Syntactically and semantically enhanced captioning network via hybrid attention and POS tagging prompt
Abstract
Video captioning has become a thriving research area, with current methods relying on static visuals or motion information. However, videos contain a complex interplay between multiple objects with unique temporal patterns. Traditional techniques struggle to capture this intricate connection, leading to inaccurate captions due to the gap between video features and generated text. Analyzing these temporal variations and identifying relevant objects remains a challenge. This paper proposes SySCapNet, a novel deep-learning architecture for video captioning, designed to address this limitation. SySCapNet effectively captures objects involved in motions and extracts spatio-temporal action features. This information, along with visual features and motion data, guides the caption generation process. We introduce a groundbreaking hybrid attention module that leverages both visual saliency and spatio-temporal dynamics to extract highly detailed and semantically meaningful features.
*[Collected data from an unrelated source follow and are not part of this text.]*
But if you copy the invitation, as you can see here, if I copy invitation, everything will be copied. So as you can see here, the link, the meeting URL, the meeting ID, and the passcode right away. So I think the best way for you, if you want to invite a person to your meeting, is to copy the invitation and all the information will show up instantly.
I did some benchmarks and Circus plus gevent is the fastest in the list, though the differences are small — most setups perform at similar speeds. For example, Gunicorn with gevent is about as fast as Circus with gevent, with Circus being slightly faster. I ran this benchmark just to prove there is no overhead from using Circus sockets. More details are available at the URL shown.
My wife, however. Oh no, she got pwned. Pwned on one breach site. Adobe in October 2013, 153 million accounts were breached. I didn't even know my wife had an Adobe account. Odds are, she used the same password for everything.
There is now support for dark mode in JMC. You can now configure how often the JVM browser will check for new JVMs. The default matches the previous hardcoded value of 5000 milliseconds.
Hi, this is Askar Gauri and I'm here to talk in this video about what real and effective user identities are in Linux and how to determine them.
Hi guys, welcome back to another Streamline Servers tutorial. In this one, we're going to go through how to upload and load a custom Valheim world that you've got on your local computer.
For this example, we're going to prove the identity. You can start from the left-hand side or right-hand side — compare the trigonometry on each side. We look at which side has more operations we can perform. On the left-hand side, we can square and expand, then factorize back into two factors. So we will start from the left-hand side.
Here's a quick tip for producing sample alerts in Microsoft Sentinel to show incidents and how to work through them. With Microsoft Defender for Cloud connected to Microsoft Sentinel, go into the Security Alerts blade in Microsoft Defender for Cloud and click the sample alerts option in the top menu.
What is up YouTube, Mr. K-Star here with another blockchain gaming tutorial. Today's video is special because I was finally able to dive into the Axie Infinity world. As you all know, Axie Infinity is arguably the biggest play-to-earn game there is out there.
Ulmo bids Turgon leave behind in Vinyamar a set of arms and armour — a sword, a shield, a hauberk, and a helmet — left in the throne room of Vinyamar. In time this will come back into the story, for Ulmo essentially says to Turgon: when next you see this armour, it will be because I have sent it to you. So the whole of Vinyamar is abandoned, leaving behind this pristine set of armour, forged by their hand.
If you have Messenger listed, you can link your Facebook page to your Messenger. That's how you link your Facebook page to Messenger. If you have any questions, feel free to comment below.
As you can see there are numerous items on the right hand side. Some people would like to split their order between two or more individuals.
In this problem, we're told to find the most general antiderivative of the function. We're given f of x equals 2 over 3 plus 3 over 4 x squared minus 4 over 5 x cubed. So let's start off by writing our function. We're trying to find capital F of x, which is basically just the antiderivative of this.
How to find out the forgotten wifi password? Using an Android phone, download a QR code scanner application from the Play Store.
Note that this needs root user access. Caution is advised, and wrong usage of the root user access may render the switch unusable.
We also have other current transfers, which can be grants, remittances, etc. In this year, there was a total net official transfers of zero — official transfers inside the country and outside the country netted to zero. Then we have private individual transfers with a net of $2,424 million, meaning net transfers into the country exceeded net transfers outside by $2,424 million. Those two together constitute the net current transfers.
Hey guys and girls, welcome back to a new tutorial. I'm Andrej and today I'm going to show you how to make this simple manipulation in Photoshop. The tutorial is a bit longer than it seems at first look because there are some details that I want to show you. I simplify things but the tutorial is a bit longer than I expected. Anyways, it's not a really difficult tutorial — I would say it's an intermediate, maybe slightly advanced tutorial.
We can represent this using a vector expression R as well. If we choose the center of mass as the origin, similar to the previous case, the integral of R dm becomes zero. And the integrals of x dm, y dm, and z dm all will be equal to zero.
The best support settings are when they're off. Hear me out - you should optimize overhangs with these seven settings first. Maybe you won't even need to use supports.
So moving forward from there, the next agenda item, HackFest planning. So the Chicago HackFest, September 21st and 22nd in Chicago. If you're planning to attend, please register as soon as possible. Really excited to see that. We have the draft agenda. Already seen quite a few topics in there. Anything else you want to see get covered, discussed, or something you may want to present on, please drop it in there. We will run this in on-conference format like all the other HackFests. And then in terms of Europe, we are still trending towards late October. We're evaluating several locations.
Furthermore, we incorporate part-of-speech tagging to guide the network in disambiguating words and understanding their grammatical roles. Extensive evaluations on benchmark datasets demonstrate that SySCapNet achieves superior performance compared to existing methods. The generated captions are not only informative but also grammatically correct and rich in context, surpassing the limitations of basic AI descriptions. © 2025 Elsevier Inc.